• TASK REQUIREMENTS: Where an entry contains an image, skip the image and print the rest exactly.
** INPUT FOR THIS TASK follows **
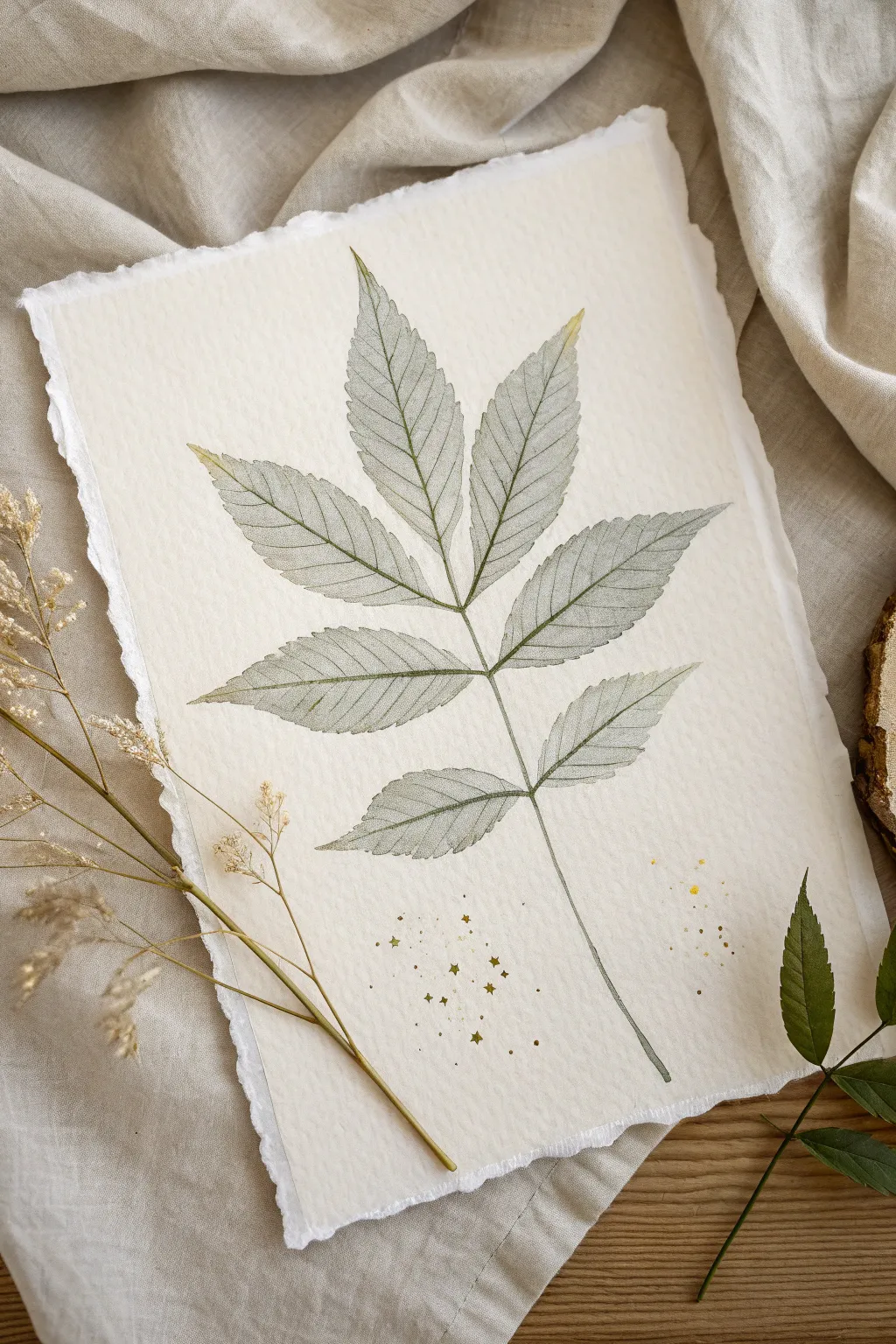 Botanical x-ray leaf painting with translucent layers and subtle metallic veins, clean and luminous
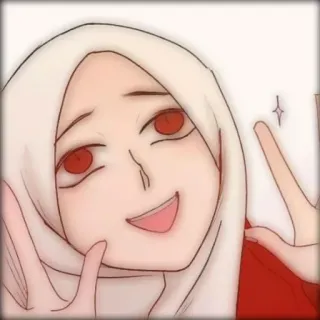 🤸‍♀ anime meisje, cartoon, vredesteken, glimlachend, rode ogen, hijab, digitale kunst telegram sticker
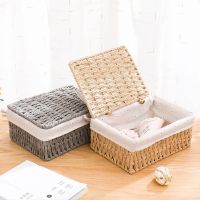 【jw】▩⊕  Desktop Storage Basket Sundries Rattan Hamper Wicker Baskets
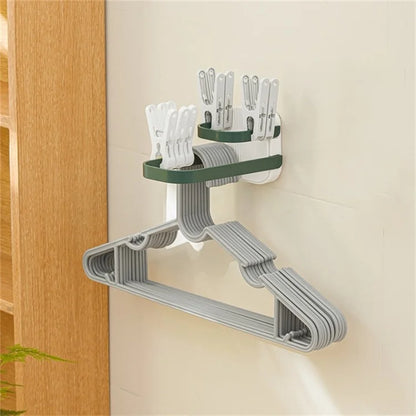 Dual Layer Foldable Storage Shelf for Clothes Hanger Wall-Mounted Clothes Hanger Holder Organizer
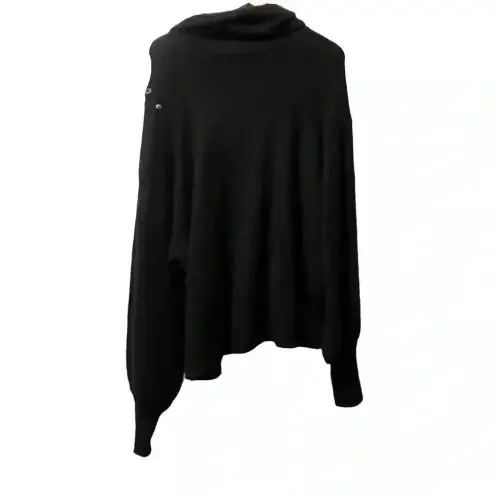 Marissa Webb Black Turtleneck Oversized Balloon Sleeve Sweater Size L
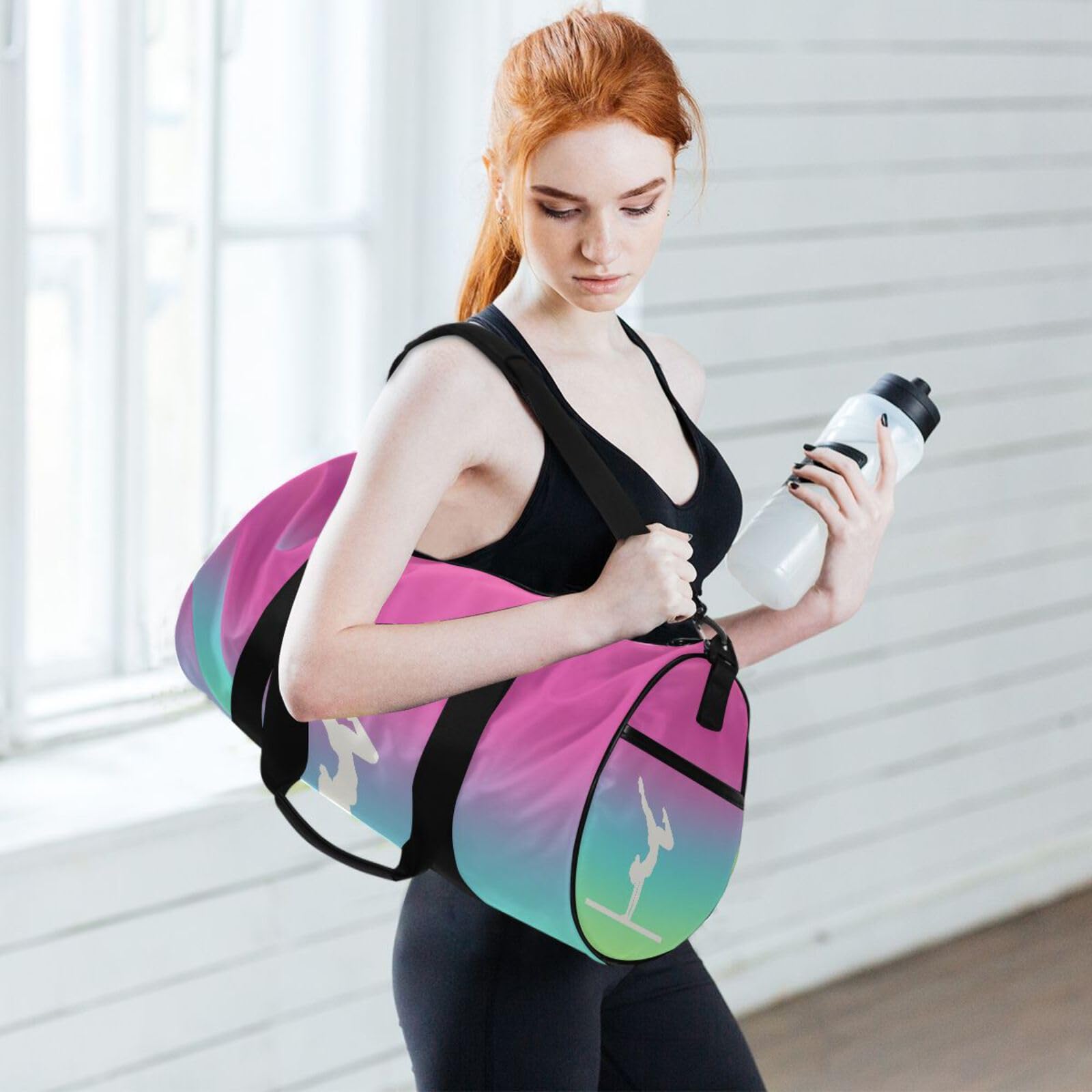 Sac de sport personnalisé pour filles avec motif dégradé corail - Nom personnalisé - Sac de gym pour enfants - Sacs de danse - Équipement de gymnastique - Rangement - Cadeaux de gymnastique pour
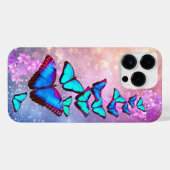 Blauwe Vlinders op Roze en lavander bloemen iPhone Hoesje (Achterkant horizontaal)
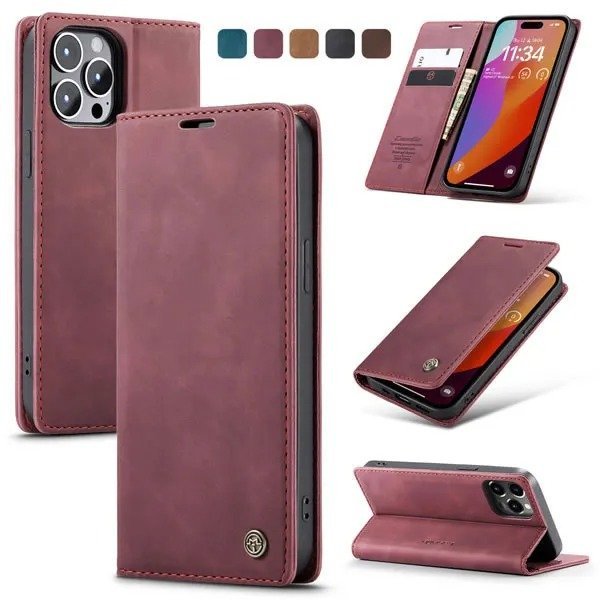 iPhone 14/15 Series CaseMe Soft PU Leather Flip Wallet Case with 2 Credit Card Slots and Magnetic Closure - Image 4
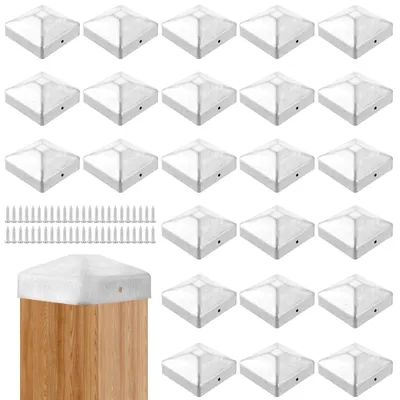 Zdjęcie produktu dla Zestaw 24 nakładek na słupki, wymiar 7 x 7 cm, wykonane ze stali nierdzewnej
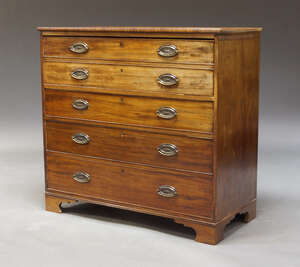 
	
		A Victorian mahogany secretaire chest, the rectangular top above secretaire drawer...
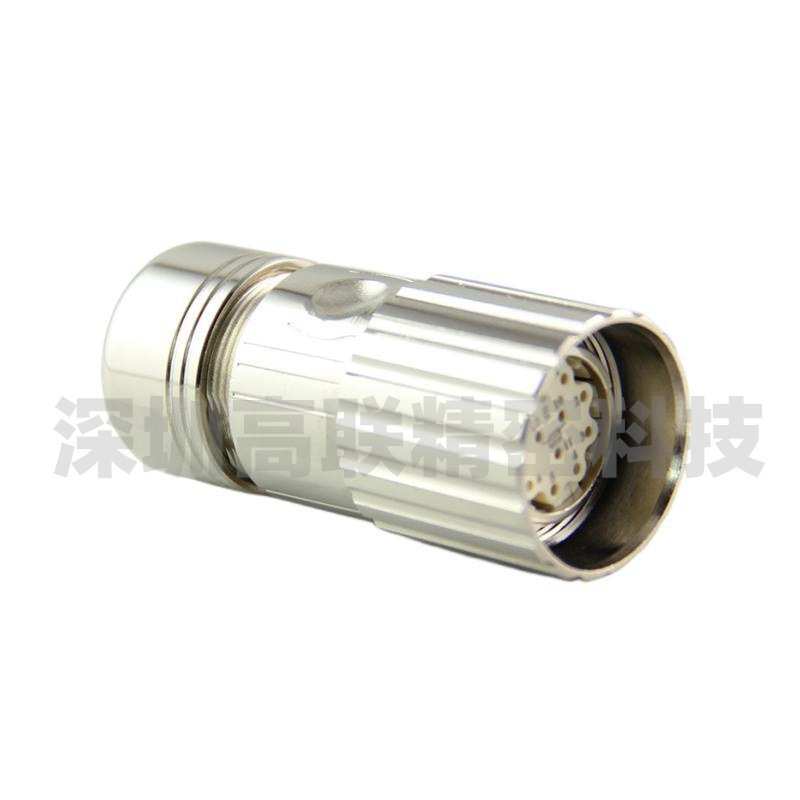 茵特康M23连接器12 17芯母头航空插头伺服电机信号编码器S120接头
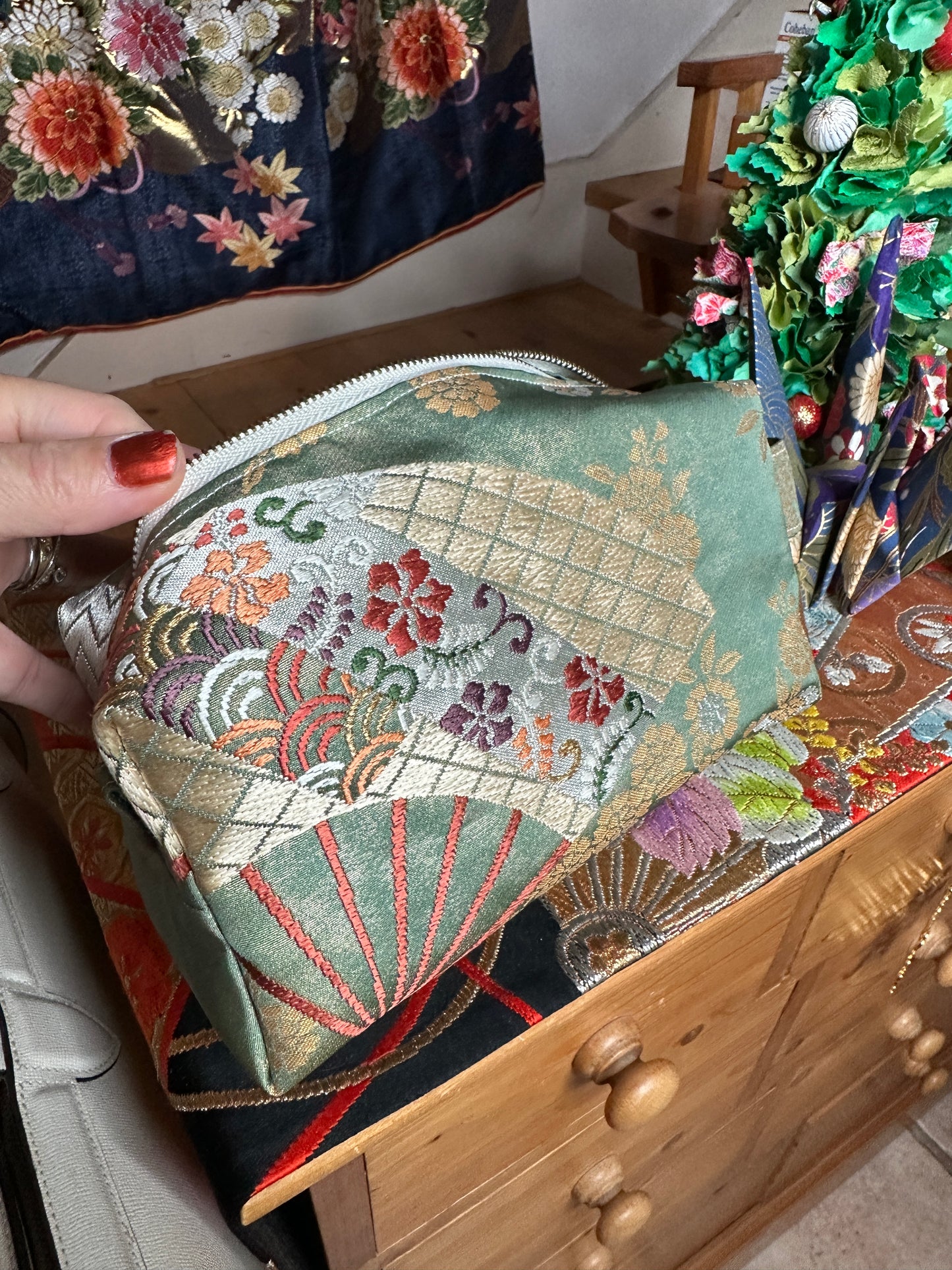 Trousse de toilette pochette Obi kimono japonais en soie Neuf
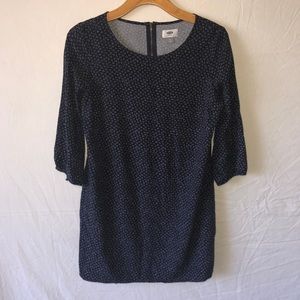 Old Navy Navy Blue Patterned Dress Medium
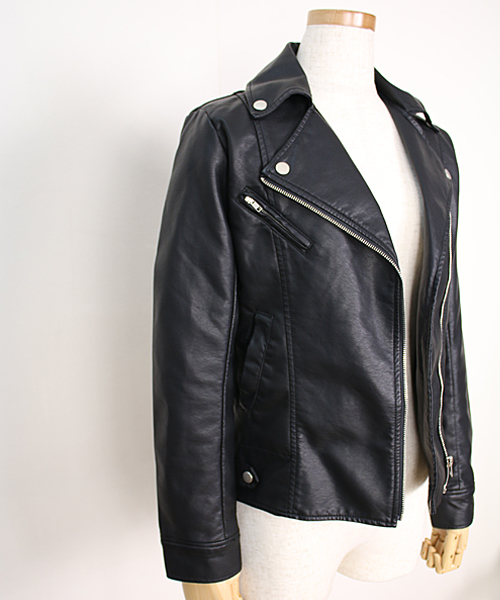 reca（レカ）の「ライダースダブルジャケット（ライダースジャケット・レディース・アイボリー/ブラック/グレー/キャメル/ライトグレー/ピンク/ライトカーキ/ブラウン/ベージュ/カーキ/ライトピンク/グリーン系その他・M/L）」の20枚目の写真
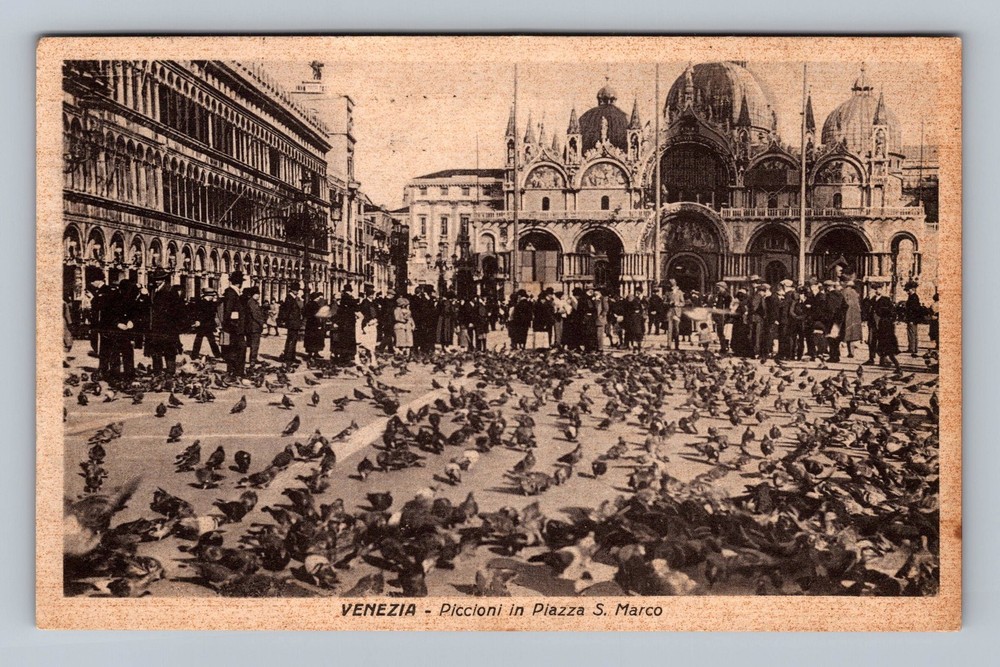 Italy- Venice Pigeons In Piazza San Marco Souvenir Old Card PC Vintage Postcard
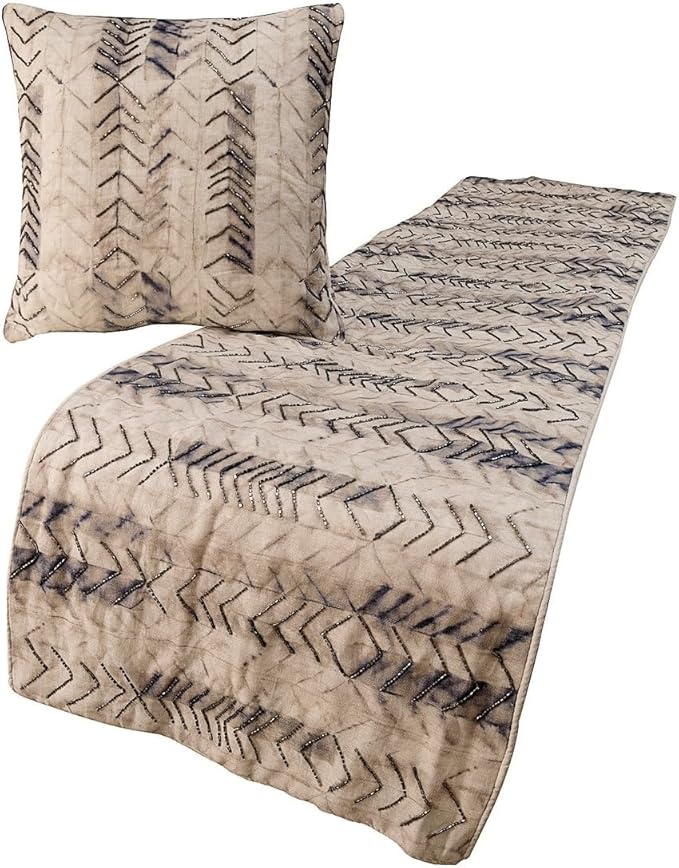 The HomeCentric King Queen Twin Grey Handmade CA King 86"x18" Bed Runner Without Pillow Cover, Tie & Dye Beaded Bed Scarf on Cotton Fabric - Tie Dye Chevy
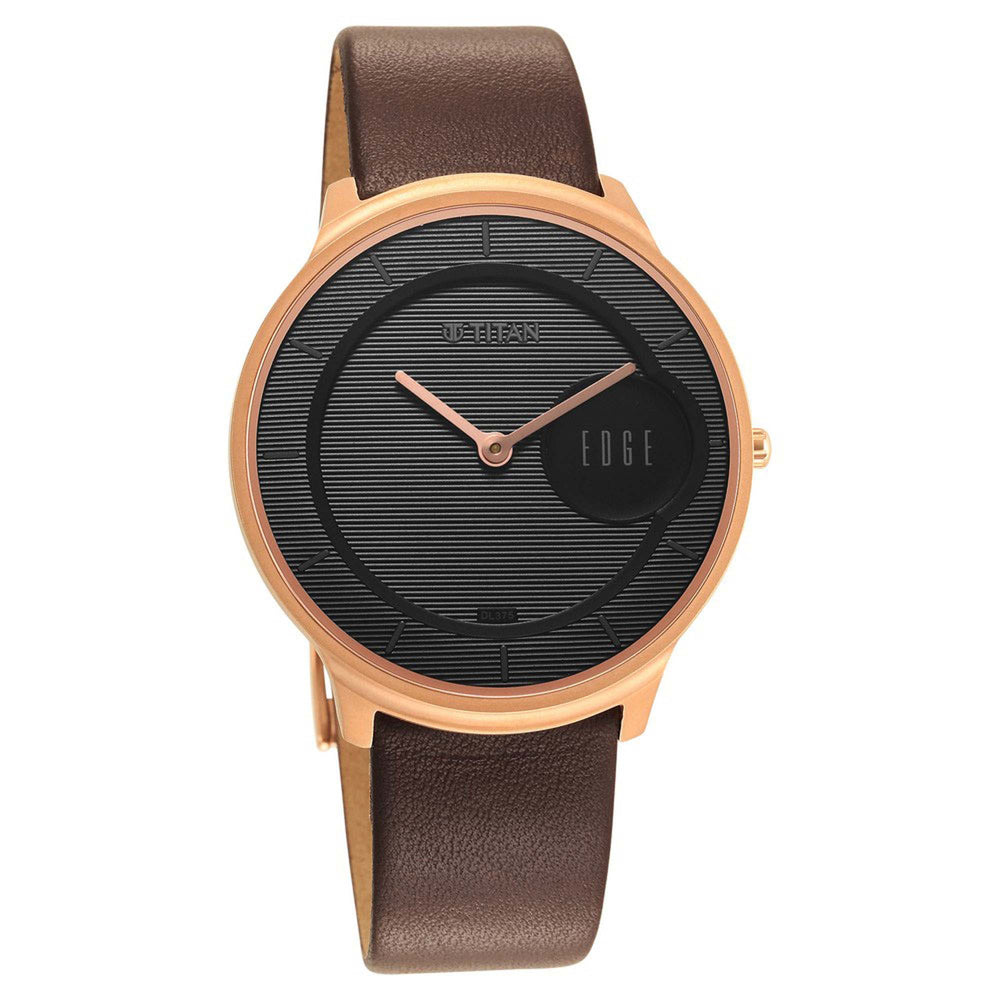 Titan Edge Slim Leather Strap Black Dial Analog Watch for Women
** End of INPUT FOR THIS TASK **
• OUTPUT:
 Botanical x-ray leaf painting with translucent layers and subtle metallic veins, clean and luminous
 🤸‍♀ anime meisje, cartoon, vredesteken, glimlachend, rode ogen, hijab, digitale kunst telegram sticker
 【jw】▩⊕  Desktop Storage Basket Sundries Rattan Hamper Wicker Baskets
 Dual Layer Foldable Storage Shelf for Clothes Hanger Wall-Mounted Clothes Hanger Holder Organizer
 Marissa Webb Black Turtleneck Oversized Balloon Sleeve Sweater Size L
 Sac de sport personnalisé pour filles avec motif dégradé corail - Nom personnalisé - Sac de gym pour enfants - Sacs de danse - Équipement de gymnastique - Rangement - Cadeaux de gymnastique pour
 Blauwe Vlinders op Roze en lavander bloemen iPhone Hoesje (Achterkant horizontaal)
 iPhone 14/15 Series CaseMe Soft PU Leather Flip Wallet Case with 2 Credit Card Slots and Magnetic Closure - Image 4
 Zdjęcie produktu dla Zestaw 24 nakładek na słupki, wymiar 7 x 7 cm, wykonane ze stali nierdzewnej
	
		A Victorian mahogany secretaire chest, the rectangular top above secretaire drawer...
 茵特康M23连接器12 17芯母头航空插头伺服电机信号编码器S120接头
 Trousse de toilette pochette Obi kimono japonais en soie Neuf
 Old Navy Navy Blue Patterned Dress Medium
 reca（レカ）の「ライダースダブルジャケット（ライダースジャケット・レディース・アイボリー/ブラック/グレー/キャメル/ライトグレー/ピンク/ライトカーキ/ブラウン/ベージュ/カーキ/ライトピンク/グリーン系その他・M/L）」の20枚目の写真
 Italy- Venice Pigeons In Piazza San Marco Souvenir Old Card PC Vintage Postcard
 The HomeCentric King Queen Twin Grey Handmade CA King 86"x18" Bed Runner Without Pillow Cover, Tie & Dye Beaded Bed Scarf on Cotton Fabric - Tie Dye Chevy
 Titan Edge Slim Leather Strap Black Dial Analog Watch for Women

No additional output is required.